It’s October, that magical 31 day stretch where everyone becomes a bit of a horror fan. For those of us who live this season out year-round, it’s better than Christmas. Of the many traditions and customs, I have for this time of the year, movie nights with the family are right up there at the top of the list. My kids range in age from 2 to 16 and Texas Chainsaw Massacre with a toddler is just as poor a decision as a Baby Shark Halloween with my teenager. So, in the spirit of the season and the idea of being able to watch some true classics with everyone in your home, here’s a quick list of options to jump start your spooky season.

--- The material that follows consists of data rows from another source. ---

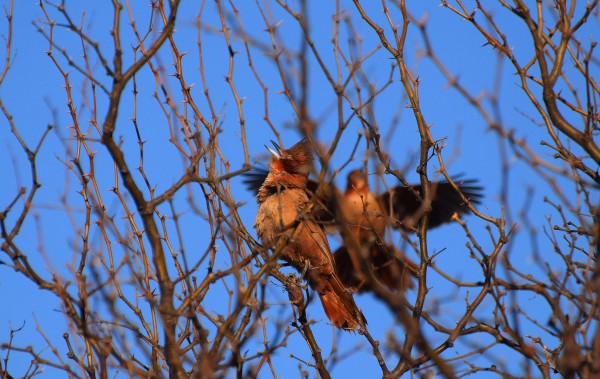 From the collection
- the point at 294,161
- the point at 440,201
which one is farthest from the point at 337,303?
the point at 440,201

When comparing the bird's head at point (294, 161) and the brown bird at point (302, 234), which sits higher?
the bird's head at point (294, 161)

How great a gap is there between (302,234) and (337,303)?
22.2 inches

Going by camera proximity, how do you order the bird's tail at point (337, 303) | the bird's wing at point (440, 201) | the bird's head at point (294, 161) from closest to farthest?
the bird's tail at point (337, 303), the bird's head at point (294, 161), the bird's wing at point (440, 201)

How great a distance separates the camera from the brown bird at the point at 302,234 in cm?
566

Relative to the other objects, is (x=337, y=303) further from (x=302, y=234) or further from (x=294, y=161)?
(x=294, y=161)

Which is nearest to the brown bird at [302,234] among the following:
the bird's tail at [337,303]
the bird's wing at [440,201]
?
the bird's tail at [337,303]

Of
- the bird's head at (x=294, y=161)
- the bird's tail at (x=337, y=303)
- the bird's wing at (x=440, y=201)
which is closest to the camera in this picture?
the bird's tail at (x=337, y=303)

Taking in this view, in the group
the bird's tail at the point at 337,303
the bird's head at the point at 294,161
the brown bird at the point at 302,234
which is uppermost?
the bird's head at the point at 294,161

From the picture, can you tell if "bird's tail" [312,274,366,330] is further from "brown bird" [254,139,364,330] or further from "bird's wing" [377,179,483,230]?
Answer: "bird's wing" [377,179,483,230]

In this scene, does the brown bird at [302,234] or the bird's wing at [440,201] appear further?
the bird's wing at [440,201]

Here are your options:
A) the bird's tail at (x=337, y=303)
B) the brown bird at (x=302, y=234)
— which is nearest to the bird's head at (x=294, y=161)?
the brown bird at (x=302, y=234)

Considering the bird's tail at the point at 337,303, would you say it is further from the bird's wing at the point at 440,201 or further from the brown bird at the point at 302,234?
the bird's wing at the point at 440,201

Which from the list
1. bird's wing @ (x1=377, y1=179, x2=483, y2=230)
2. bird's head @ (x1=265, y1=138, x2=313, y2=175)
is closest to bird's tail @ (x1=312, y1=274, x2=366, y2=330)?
bird's head @ (x1=265, y1=138, x2=313, y2=175)

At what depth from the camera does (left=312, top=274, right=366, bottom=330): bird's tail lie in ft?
18.3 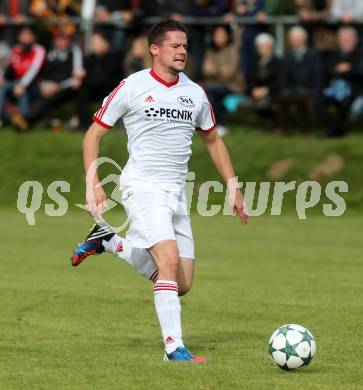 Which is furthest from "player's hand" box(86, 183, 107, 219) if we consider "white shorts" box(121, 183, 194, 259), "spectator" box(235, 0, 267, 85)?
"spectator" box(235, 0, 267, 85)

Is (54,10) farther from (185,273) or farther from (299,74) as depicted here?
(185,273)

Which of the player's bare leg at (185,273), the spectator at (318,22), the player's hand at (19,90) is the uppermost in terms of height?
the spectator at (318,22)

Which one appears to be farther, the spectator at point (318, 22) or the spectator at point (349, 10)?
the spectator at point (349, 10)

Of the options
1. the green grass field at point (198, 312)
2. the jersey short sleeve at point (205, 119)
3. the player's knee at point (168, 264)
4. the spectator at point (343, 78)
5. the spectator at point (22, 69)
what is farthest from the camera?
the spectator at point (22, 69)

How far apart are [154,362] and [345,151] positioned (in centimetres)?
1653

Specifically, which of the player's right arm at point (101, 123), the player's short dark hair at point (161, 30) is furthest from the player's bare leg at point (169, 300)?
the player's short dark hair at point (161, 30)

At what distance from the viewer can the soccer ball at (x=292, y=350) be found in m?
8.67

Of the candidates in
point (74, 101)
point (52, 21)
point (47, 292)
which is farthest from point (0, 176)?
point (47, 292)

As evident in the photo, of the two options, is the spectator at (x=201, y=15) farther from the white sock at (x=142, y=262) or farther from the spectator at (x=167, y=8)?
the white sock at (x=142, y=262)

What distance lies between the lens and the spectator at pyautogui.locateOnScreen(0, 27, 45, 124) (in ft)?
88.0

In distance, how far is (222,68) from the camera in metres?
26.0

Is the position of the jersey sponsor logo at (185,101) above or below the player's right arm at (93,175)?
above

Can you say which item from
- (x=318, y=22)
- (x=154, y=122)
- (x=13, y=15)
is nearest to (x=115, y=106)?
(x=154, y=122)

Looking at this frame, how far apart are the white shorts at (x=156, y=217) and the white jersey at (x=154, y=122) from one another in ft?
0.31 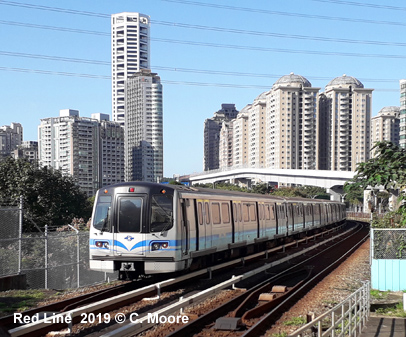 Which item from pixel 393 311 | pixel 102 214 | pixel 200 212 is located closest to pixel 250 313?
pixel 393 311

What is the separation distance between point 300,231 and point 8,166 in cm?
1757

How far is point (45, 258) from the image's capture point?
17094 mm

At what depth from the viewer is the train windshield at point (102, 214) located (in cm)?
1677

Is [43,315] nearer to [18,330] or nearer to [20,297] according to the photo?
[18,330]

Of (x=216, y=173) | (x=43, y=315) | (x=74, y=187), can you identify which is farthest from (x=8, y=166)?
(x=216, y=173)

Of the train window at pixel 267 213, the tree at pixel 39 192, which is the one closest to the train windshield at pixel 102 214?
the train window at pixel 267 213

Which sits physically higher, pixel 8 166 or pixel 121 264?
pixel 8 166

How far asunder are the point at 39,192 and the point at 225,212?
1793 centimetres

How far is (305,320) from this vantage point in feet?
41.2

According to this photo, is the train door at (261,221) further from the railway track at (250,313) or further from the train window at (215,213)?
the railway track at (250,313)

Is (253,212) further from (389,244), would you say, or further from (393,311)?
(393,311)

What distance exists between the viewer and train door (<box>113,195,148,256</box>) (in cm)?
1636

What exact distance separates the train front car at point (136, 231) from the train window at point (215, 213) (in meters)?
3.26

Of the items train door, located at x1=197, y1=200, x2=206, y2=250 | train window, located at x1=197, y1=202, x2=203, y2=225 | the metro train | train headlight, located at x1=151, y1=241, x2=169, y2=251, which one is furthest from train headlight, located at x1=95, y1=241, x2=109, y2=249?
train window, located at x1=197, y1=202, x2=203, y2=225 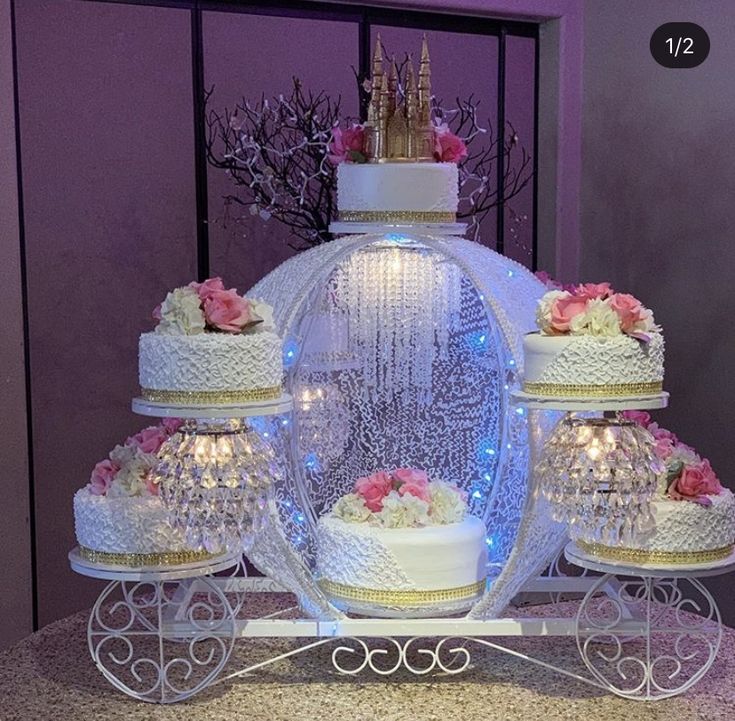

It’s the Great Pumpkin, Charlie Brown

Look, I don’t care what your opinions are about the Peanuts gang or their creator, the fact of the matter is watching The Great Pumpkin in October is like watching The Grinch in December. It’s just something you have to do. The 55-year-old animated adventures of Snoopy and friends as they go trick or treating and wait for the Santa Claus of Samhain to arrive has entertained kids and families for decades. It’s the Great Pumpkin, Charlie Brown is literally the least frightening but still enjoyable bit of seasonal media you’ll find. Bonus points if you want to dredge up The Simpsons’ Treehouse of Horror parody, It’s the Grand Pumpkin, Milhouse as a double feature.

Hocus Pocus

Another beloved Halloween classic, Hocus Pocus sees the witchy trio of the Sanderson sisters as they attempt to steal the youth from the children of Salem to grant themselves eternal life. Like a lot of late 80s and early 90s kids’ movies, this one has something for the whole family in terms of humor and storytelling. It also includes some special effects and subject matter that wouldn’t allow it to keep its PG rating if were made the same way today. The incredible Doug Jones portrays the zombie Billy who, while resurrected by the witches, has no intention of helping them. I was about eight when this movie came out and I remember the scenes with the reanimated colonial corpse freaking me out just a bit the first time I watched it but, otherwise, loving this movie.

The Simpsons Halloween Special (Treehouse of Horror I)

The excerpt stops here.